Later volcanic activity on the Thaumasia Plateau occurred in the Hesperian in association with a profusion of sheet lavas covering Syria Planum, Solis Planum, Sinai Planum, and Thaumasia Planum, emanating from the eastern flanks of the Arsia Mons region. In Thaumasia Planum and against the Coprates Rise, these sheet lavas were observed to onlap underlying plains materials and their associated ridged morphologies. Further volcanism occurred to the south of the Thaumasia highlands in Daedalia Planum.

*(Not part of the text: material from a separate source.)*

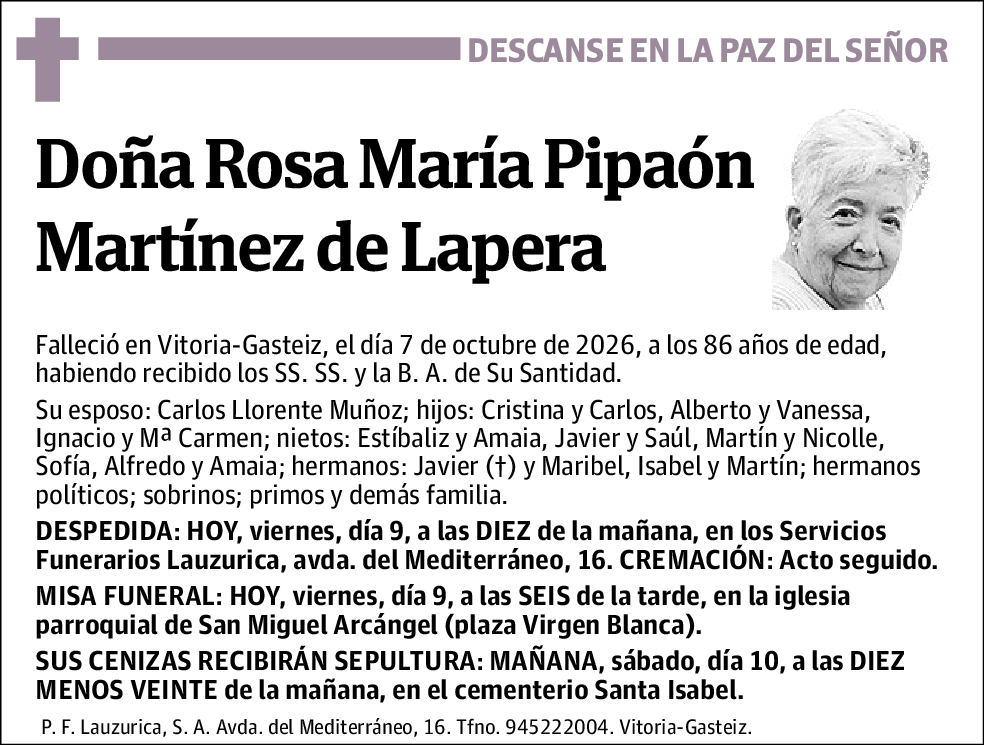 Rosa María Pipaón Martínez De Lapera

Some authors have analogized the Thaumasia Plateau to instances of intraplate regional-scale plateau uplifts, including the Colorado Plateau (southwestern United States), the Rhenish shield (western Germany), and the Deccan Plateau and Karnataka Plateau (southern India). A proposed mechanism for the formation of the Thaumasia Plateau invokes mantle convection eroding the crustal root underlying the province, rapidly inducing a regional-scale uplift.

Erosional valleys in the southern margins of the Thaumasia Plateau are conspicuous and common, and are often sourced from deeply dissected terrains, volcanoes, or large (>50 km diameter) impact craters (such as Lowell Crater and Voeykov Crater.). Although it is unlikely that precipitation recharged the fluid systems that eroded these valleys, hydrothermal systems have been invoked as a source. The shock of impact cratering events in water-saturated target rock is thought to cause either the catastrophic release of groundwater or the induction of a subsurface hydrothermal system. Alternatively, this heat may be supplied by magmatic intrusions that underlie rifts, or by magmatic piping supplying volcanic surface activity. Intrusive activity of this sort has been proposed to have sourced the Warrego Valles in the Thaumasia Highlands. It has also been proposed in the southern Coprates Rise and in a rift in the southwestern sector of the plateau proper.